As many of you longtime SP followers know, Olivia was the main breeding female in 2012 and 2013. She had 4 pups for SP Kennel in 2012 and 11 in 2013. Of those 15 pups, 7 display the white faces and bright blue eyes which are traceable to their great-great-grandfather, Fats. Olivia and her pups, Junior and Chena, are pictured above.

Chena is one of the eleven pups in the Fire Litter. I attached the Fire Litter Pedigree Chart (below), along with the photos of Fat’s descendants, for a big dose of SP Kennel history. Hope you enjoy it! - Kennel Mom


Saturday, July 26, 2014

Healthy Futures

All of us at SP Kennel are thankful for the tremendous community support we receive from people around the world and especially, Alaskans. This year, Aliy is trying to ‘give back’ to some Alaskan communities.

Since, Aliy considers personal health and fitness a number one priority, it only makes sense that she has become a public advocate and official spokesperson for the Healthy Futures Challenge and the state of Alaska’s Play Every Day campaign.

Aliy recording PSAs in studio; Aliy models the “Get out and Play!” t-shirt (Love the Red!)

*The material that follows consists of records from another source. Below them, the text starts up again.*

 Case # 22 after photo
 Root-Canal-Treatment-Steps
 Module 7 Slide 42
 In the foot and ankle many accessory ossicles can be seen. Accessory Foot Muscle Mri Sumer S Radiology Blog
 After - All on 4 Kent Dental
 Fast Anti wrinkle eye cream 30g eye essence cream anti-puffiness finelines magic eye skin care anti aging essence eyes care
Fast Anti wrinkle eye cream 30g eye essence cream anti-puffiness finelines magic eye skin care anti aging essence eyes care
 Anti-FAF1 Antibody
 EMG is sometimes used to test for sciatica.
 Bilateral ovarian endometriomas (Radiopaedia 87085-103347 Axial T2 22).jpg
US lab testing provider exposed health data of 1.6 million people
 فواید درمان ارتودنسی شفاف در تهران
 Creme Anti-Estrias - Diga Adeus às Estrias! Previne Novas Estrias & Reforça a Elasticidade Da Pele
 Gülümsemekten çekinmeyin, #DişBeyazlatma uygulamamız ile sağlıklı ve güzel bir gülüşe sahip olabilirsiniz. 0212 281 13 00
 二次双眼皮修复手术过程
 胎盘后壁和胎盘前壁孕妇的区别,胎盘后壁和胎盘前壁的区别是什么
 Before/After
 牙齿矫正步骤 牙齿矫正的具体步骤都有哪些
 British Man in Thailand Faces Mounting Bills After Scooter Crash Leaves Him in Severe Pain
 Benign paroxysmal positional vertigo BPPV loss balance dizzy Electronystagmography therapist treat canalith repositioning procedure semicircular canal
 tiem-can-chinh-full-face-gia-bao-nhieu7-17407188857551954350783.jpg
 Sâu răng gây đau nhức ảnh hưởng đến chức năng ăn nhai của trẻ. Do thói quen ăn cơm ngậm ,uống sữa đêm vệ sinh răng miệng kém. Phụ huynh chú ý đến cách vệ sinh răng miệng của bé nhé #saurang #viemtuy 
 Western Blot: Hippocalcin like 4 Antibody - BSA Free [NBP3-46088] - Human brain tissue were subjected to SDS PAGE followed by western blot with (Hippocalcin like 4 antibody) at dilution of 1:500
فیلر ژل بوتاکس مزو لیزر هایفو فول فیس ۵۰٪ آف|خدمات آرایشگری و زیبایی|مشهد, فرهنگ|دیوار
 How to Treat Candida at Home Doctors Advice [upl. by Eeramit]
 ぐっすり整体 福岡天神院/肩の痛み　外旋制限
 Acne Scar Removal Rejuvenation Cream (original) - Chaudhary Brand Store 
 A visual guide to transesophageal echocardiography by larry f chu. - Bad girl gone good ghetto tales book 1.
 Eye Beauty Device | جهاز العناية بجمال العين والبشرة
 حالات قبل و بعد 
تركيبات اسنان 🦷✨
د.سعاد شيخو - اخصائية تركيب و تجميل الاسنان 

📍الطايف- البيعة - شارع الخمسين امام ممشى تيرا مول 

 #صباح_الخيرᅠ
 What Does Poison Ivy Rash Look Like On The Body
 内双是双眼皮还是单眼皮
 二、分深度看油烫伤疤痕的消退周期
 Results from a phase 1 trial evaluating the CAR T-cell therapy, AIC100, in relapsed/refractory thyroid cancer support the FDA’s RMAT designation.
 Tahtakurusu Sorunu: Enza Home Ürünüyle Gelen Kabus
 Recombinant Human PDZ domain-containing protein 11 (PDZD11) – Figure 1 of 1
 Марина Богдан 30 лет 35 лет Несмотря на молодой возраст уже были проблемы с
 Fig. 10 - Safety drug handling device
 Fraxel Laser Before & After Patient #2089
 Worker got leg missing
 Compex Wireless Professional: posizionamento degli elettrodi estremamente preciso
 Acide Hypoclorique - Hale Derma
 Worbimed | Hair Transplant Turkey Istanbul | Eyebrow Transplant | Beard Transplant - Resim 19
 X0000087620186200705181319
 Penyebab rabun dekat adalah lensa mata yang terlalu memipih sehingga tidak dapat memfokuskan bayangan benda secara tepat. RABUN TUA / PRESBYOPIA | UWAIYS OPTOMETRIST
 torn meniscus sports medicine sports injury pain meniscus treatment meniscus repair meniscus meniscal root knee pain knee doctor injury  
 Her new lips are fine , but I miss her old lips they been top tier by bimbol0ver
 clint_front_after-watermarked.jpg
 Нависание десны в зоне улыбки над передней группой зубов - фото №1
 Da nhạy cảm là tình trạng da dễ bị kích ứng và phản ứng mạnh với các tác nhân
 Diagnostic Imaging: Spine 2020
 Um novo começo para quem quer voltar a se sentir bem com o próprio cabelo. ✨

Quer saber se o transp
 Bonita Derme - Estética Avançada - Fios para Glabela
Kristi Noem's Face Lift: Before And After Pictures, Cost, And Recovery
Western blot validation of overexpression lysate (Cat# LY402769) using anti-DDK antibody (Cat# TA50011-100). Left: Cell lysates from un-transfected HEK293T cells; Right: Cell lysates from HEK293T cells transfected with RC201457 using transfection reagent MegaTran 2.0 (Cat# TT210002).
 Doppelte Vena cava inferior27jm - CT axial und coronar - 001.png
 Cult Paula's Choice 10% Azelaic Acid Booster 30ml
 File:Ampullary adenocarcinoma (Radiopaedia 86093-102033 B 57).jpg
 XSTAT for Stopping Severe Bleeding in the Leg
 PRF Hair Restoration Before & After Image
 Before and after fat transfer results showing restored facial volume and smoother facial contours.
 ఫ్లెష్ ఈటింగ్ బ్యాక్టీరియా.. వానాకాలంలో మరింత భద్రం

Healthy Futures is an Alaskan health and fitness program that was started many years ago by Bonny Sosa. The program empowers Alaska’s youth to build the habit of daily physical activity. The state of Alaska’s Play Every Day campaign is a partner with Healthy Futures and the state-wide outreach continues to grow. Healthy Futures is in almost 200 Alaskan schools (including Two Rivers). The Challenge program begins when school starts in September.

Earlier this week Aliy was in Anchorage filming inspirational and educational videos. These fun clips were produced to motivate kids to sign up for the upcoming Challenge and stick with the it until the finish line!

Aliy was trying to convince the dogs that a “couch life” is only good in moderation; Aliy and the kids practiced their lines for the Healthy Futures video.

So... kids, adults and dogs: “Get out and play! Every day!”

‘Healthy Futures’ website is HERE.
‘Get out and Play!’ website is HERE.

Thursday, July 24, 2014

Spicy - Life in New Zealand

Woof. Hi. Kia ora.

I’m settling in nicely and am enjoying my new life in small town Taranaki, New Zealand. My new BFF is Lexie, an 11 year old Gordon Setter and we hang out together during the day. I’m getting to know the new human members of my family but I’ve always been a bit shy of new people. I’m becoming more and more comfortable each day.

Every morning I get to go for a run at the nearby sports ground. I run with Lexie, chase the birds and catch up with all the new messages from the other dogs that walk there. Sometimes I even steal Lexie’s tennis ball.

After our run we head home for breakfast then my day is spent poking around the back yard, chewing on my bone or resting in my bed. Sometimes I get to go for a drive in the car to town or to visit friends. Then late afternoon sees a second run over at the sports ground followed by dinner and bed. I like my routine.

Although it is winter I haven’t seen snow on the ground here. In other parts of New Zealand it has been snowing but here where I live it doesn’t often get cold enough. There is a mountain nearby and it snows up there and we might take a road trip sometime soon to go find some.

Moira sometimes works from home and this is her home office. Notice Lexie has stolen her “office chair”.

I do sometimes miss all my friends back in Two Rivers but I love my new life here!

Monday, July 21, 2014

Happy One Year Old Birthday, Fire Litter!

We still think of the Fire Litter as puppies, but truth be told.. they are not! Olivia and Nacho’s eleven puppies graduate to the SP Kennel Yearling Class this week.

We took photographs of the kids earlier this week. Out of the 556 pictures we took, we hope that we got 11 good ones! We'll let you decide.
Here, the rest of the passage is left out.